Однако упасть он не успел: две пары сильных рук подхватили его и потащили куда-то вперед. Торин смутно, как будто сквозь туман различал знакомую пшеничную шевелюру старшего племянника и черные татуировки на блестящей от пота лысине — Двалин. Балин шел впереди, расчищая дорогу — сильными, меткими ударами расшвыривая в стороны визжащих и орущих гоблинов, рычащих и мечтающих поквитаться за убийство Азога орков. Завершала процессию Бильбо. Серый туман, плывущий перед глазами Торина, мешал четко видеть. Но ему почему-то казалось, что Бильбо бледная, как полотно. Торин чувствовал, как от страха сжимается сердце — неужели ранена? Насколько серьезна рана? Он постарался приподняться, игнорируя боль и слабость, но Фили и Двалин не пустили его. Единственное, что заметил Торин, что Бильбо по-прежнему двигалась очень быстро и четко — ни одного лишнего движения, но при этом Торину казалось, будто вместо былой легкости и игривости, в каждом ее взмахе мечом — холодная, обжигающая ярость. Торин еще успел подумать, что, судя по тому как сражается его прекрасная Взломщица, она, слава Махалу, не ранена, а потом он просто с головой провалился в ставший уже совсем густым и вязким серый туман.

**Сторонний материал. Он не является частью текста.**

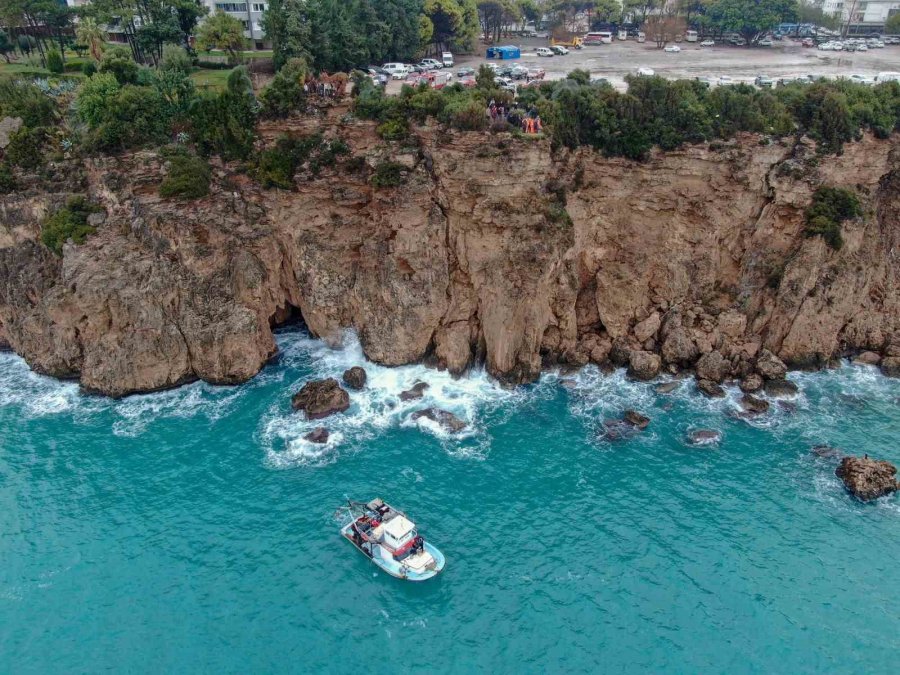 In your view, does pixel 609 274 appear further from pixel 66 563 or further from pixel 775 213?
pixel 66 563

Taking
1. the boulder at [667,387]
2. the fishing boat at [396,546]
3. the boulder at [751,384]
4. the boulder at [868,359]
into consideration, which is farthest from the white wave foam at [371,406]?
the boulder at [868,359]

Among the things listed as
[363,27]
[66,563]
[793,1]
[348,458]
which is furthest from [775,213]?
[66,563]

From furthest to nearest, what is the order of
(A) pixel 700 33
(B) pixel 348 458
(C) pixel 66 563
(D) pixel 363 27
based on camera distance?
(A) pixel 700 33 < (D) pixel 363 27 < (B) pixel 348 458 < (C) pixel 66 563

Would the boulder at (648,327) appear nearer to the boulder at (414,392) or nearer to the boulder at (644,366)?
the boulder at (644,366)

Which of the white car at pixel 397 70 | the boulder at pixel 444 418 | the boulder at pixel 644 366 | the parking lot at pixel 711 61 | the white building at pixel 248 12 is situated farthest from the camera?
the white building at pixel 248 12

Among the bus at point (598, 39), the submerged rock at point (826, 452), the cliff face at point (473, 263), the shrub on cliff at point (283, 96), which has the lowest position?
the submerged rock at point (826, 452)

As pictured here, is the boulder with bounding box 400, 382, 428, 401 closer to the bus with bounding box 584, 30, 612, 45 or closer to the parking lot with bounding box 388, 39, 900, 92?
the parking lot with bounding box 388, 39, 900, 92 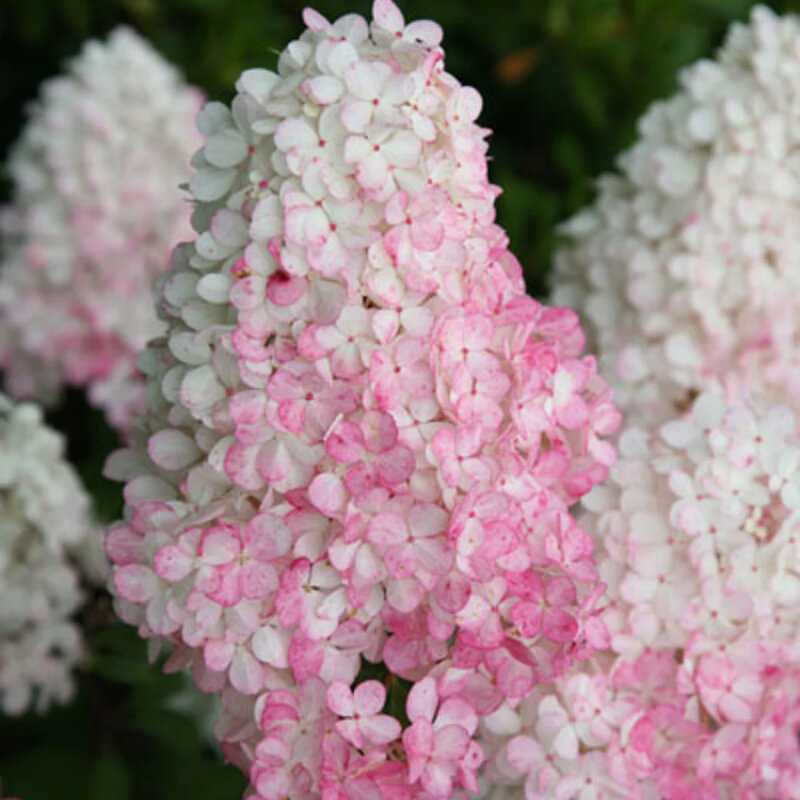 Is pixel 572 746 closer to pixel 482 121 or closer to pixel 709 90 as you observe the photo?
pixel 709 90

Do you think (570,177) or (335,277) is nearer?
(335,277)

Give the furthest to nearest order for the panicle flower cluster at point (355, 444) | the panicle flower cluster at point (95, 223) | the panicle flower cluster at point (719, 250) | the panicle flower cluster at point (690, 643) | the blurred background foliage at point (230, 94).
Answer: the panicle flower cluster at point (95, 223) < the blurred background foliage at point (230, 94) < the panicle flower cluster at point (719, 250) < the panicle flower cluster at point (690, 643) < the panicle flower cluster at point (355, 444)

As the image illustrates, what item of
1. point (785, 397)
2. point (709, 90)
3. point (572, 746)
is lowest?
point (572, 746)

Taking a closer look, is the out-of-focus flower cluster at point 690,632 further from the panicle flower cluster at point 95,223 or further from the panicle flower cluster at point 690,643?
the panicle flower cluster at point 95,223

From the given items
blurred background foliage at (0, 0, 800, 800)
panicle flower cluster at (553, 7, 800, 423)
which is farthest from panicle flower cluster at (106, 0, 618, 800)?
blurred background foliage at (0, 0, 800, 800)

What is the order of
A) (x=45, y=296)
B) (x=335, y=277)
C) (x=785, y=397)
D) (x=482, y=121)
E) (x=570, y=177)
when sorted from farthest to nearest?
(x=482, y=121) < (x=45, y=296) < (x=570, y=177) < (x=785, y=397) < (x=335, y=277)

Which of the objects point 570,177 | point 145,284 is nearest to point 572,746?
point 570,177

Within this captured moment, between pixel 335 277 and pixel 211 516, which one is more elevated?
pixel 335 277

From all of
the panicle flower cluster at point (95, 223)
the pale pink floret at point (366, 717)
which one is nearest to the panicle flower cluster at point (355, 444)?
the pale pink floret at point (366, 717)

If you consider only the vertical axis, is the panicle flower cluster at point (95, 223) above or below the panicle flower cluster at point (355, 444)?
above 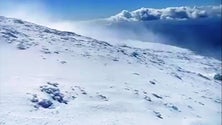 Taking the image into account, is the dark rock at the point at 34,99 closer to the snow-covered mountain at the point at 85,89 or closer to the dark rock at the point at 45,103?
the snow-covered mountain at the point at 85,89

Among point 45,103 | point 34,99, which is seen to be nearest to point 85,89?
point 45,103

Бильбо шла за процессией, несущей раненого короля к палаткам, и искренне надеялась, что Гэндальф сможет помочь, не допустит, чтобы Торин превратился в призрака, подвластного воле Саурона.

Когда Торин вновь открыл глаза, то увидел прямо над собой обеспокоенное и будто разом постаревшее лицо Гэндальфа. Рядом стояла Бильбо — бледная, на щеке были брызги черной орочьей крови, а обычно полные, нежно-розовые губы так плотно сомкнулись, что тоже побелели. Нога ужасно болела, что было странно, потому что обломок стрелы явно вынули, а рану обработали и перетянули. Торин поднял вопросительный взгляд на Гэндальфа и скорее прочел по губам, чем услышал — слишком уж громко бухала в ушах кровь — «моргульская стрела».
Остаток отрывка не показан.